Again we are confronted with the females of the species being considered the most suitable for mind meddling. The Alta linked into the System are both women. [Yes, it's possible that there are men linked in too, but we don't see them.] All the guards appear to be men, as faceless (and inept) as the Federation variety. It's great to see those two grenade waving thugs being teleported back to throw them at the Alta.
Blake being rescued by the slave opening that hidden door is rather providential, but we can put it down to a streak of luck. The same goes for them all finding each other and then the ship back so easily - aren't they lucky that Liberator's parking space is right next to the detention block? :-) We get a last glimpse of the S1 Blake when he's hugging Jenna. :-)
"Go back to your position!" Schoolmaster Blake laying down the law on his most difficult pupil. This is the point where I started expecting Avon to shoot him. It is also the point that defines the changeover in Blake from determined to obsessed.
Avon deserves a kick (preferably with Jenna's sharpest heeled boots) for keeping his reassurance about Orac's prediction to himself. If he wanted to be asked he should have let them know that he could provide the answer. And he keeps ego-tripping, in warning the others about not going near the teleport without giving them the reason. [Well, maybe he considers them bright enough to work it out by themselves. :-)]

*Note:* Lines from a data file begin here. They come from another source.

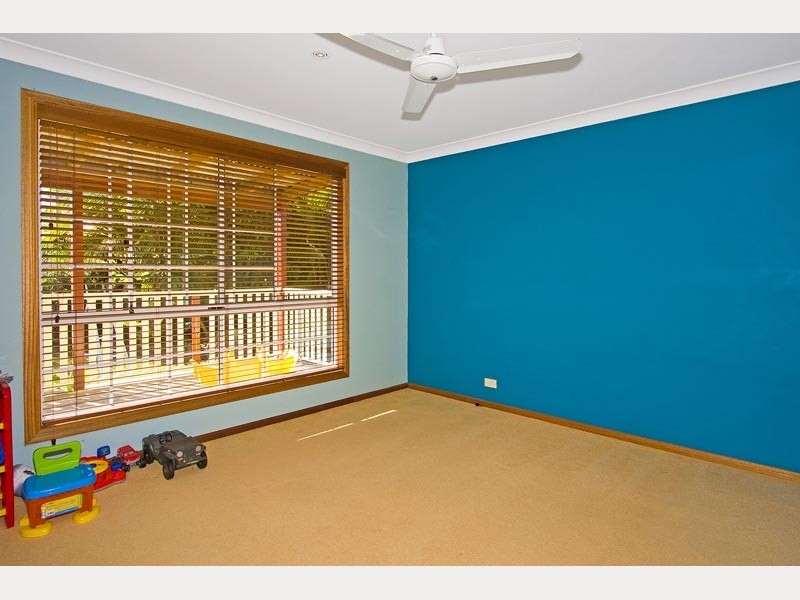 39 Warwick Park Rd, Sleepy Hollow NSW 2483
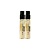 Diptyque Sensory Water Miniature Perfume Eau De Toilette Neroli Patchouli 2ml/2ml*2/2ml*3/2ml*5/2ml*8/10ml 2ml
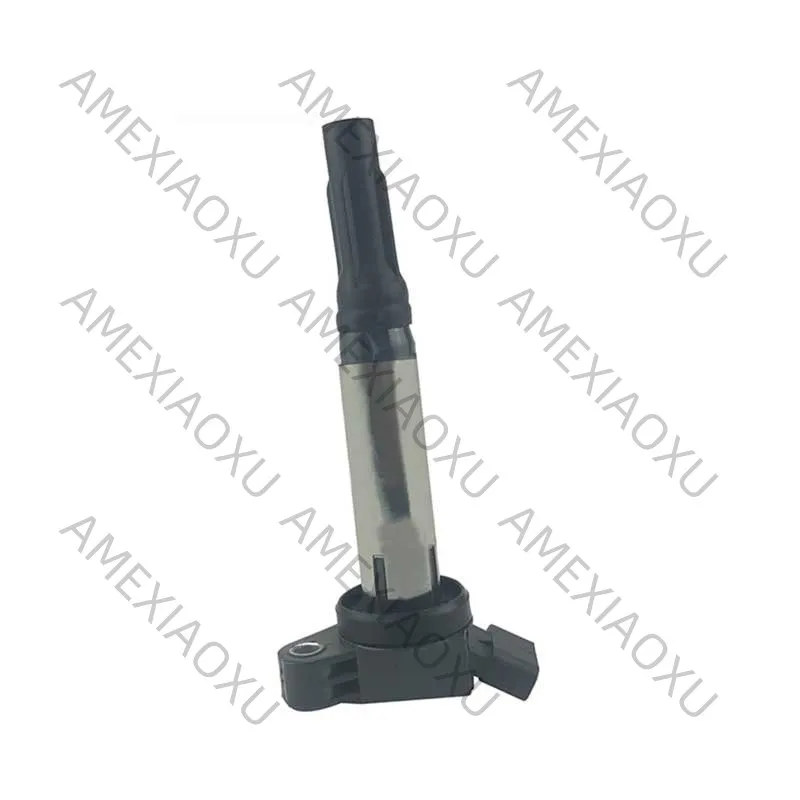 

6Pcs 90919-A2007 Ignition Coils FIt For Camry RAV4 Avalon Lexus RX350 ES350 3.5L UF487 AMEXIAOXU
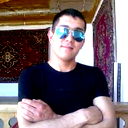 Владимир Скугар-Скварский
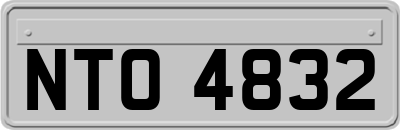 NTO4832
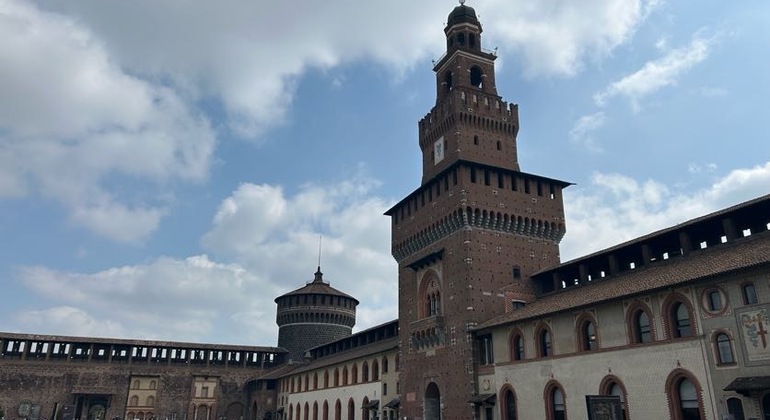 milan-italys-least-italian-city-es-6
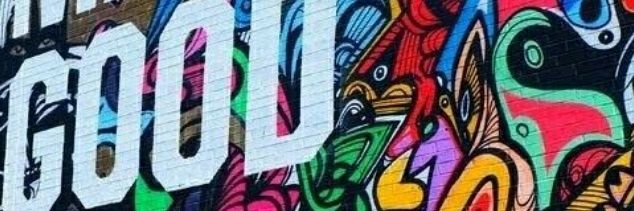 Dynamite King banner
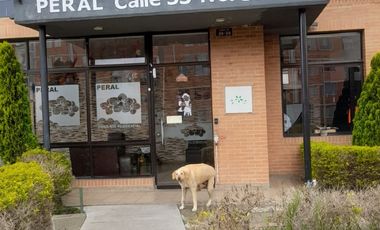 apartamento en arriendo en ciudad verde. Cod A2982702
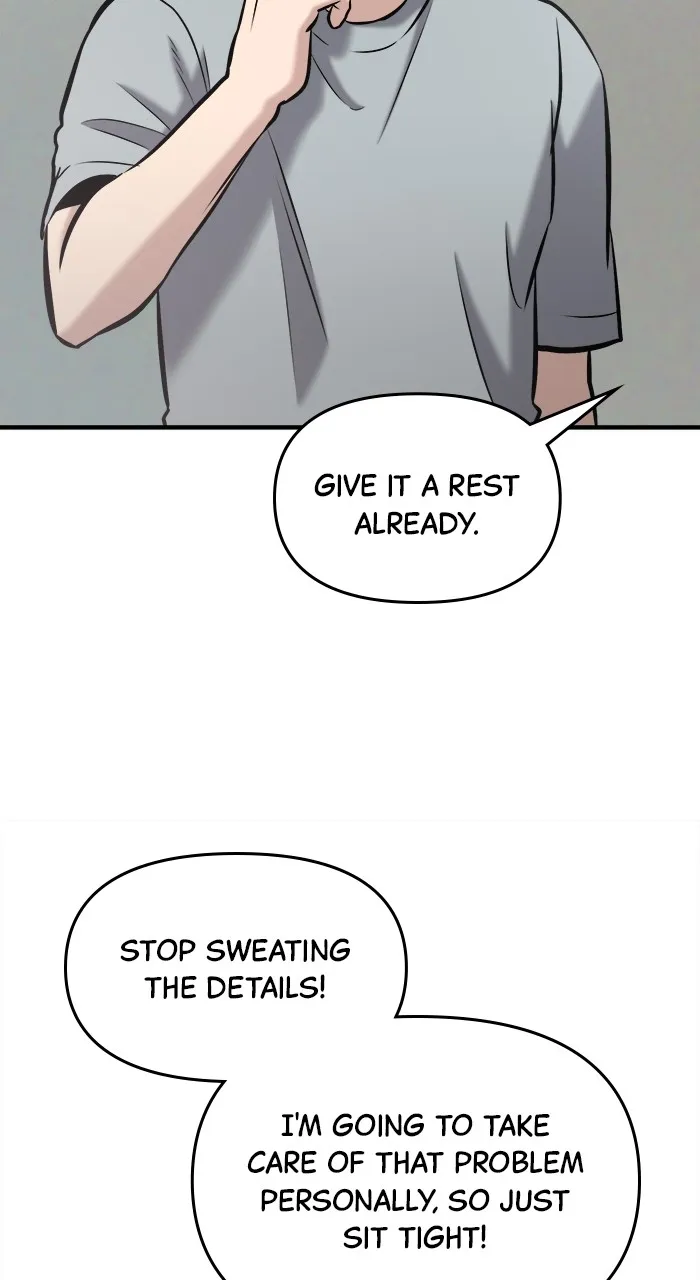 Hero of All Trades Chapter 16 page 15 -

"I'll call you IF I need you!" And then he does. Oh, how he does!
The white hot guns: aren't there any protective gloves aboard?
Jenna cuddling up to Avon in that cell - their only companionable moment in the whole series. Well, people do strange things in the face of death. :-) Vila is poorly rewarded for his trouble to free them, but he gets the privilege of Avon apologising to him. [Must bring him into a very select company!]
Why build Spaceworld while the system has three planets? Were those made uninhabitable by the war or do the machines feel more at home in an artificial environment? :-) And what is cluttering up all Orac's circuits? [Or is it just trying to sound important?] At this stage they all seem rather in awe of Orac, even Avon.
At the end, when Zen puts the sister ship on the screen, why does none of them notice the background? It's exactly the same as in the earlier projection - all the reassurance they can want. :-)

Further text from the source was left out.